ClearML provides robust experiment tracking that covers the core use cases Neptune.ai addresses, including automatic logging of hyperparameters, metrics, git diffs, and code changes. ClearML's auto-magical tracking requires zero manual logging calls, and it supports comparison of experiments with rich 2D and 3D visualizations. However, Neptune.ai was purpose-built for monitoring months-long foundation model training runs with multiple steps and branches, which is a more specialized capability. For most ML teams running standard training workflows, ClearML's experiment tracking is a strong alternative that also provides pipeline orchestration, dataset versioning, and model serving in the same platform.
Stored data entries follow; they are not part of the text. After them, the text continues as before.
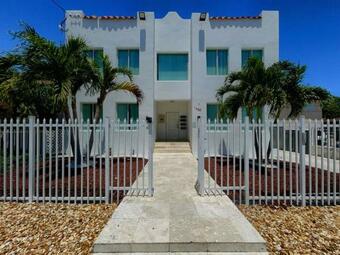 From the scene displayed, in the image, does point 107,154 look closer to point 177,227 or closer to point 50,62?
point 177,227

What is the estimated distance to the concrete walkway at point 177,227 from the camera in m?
4.12

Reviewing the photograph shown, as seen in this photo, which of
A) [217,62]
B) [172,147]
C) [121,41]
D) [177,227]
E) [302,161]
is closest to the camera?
[177,227]

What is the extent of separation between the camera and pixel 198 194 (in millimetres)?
6770

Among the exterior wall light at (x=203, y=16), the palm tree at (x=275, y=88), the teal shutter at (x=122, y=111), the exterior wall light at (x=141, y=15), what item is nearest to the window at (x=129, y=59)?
the exterior wall light at (x=141, y=15)

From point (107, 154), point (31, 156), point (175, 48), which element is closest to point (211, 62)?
point (175, 48)

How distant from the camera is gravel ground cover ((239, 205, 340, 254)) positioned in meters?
4.23

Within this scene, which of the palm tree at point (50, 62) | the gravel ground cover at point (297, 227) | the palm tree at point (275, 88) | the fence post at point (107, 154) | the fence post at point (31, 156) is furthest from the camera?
the palm tree at point (275, 88)

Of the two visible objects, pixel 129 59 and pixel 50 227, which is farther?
pixel 129 59

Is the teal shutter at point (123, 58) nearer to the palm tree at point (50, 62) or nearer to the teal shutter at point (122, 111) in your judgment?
the teal shutter at point (122, 111)

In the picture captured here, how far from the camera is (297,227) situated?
498 cm

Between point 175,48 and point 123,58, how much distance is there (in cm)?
323

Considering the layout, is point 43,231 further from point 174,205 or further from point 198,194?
point 198,194

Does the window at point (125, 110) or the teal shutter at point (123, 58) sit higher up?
the teal shutter at point (123, 58)

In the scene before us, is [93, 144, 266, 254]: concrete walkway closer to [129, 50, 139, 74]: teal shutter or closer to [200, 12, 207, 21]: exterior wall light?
[129, 50, 139, 74]: teal shutter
ClearML is the clear winner for budget-conscious teams. Its self-hosted open-source edition provides unlimited experiments, full platform access, and complete data sovereignty at zero cost. The hosted free tier covers small teams without requiring infrastructure setup. Even the Pro tier at $15/user/month is significantly cheaper than most commercial MLOps platforms. Neptune.ai operates on enterprise-only pricing with no public tiers, making it inaccessible for teams that cannot negotiate custom contracts. For startups, academic researchers, and small ML teams, ClearML delivers substantially more value per dollar.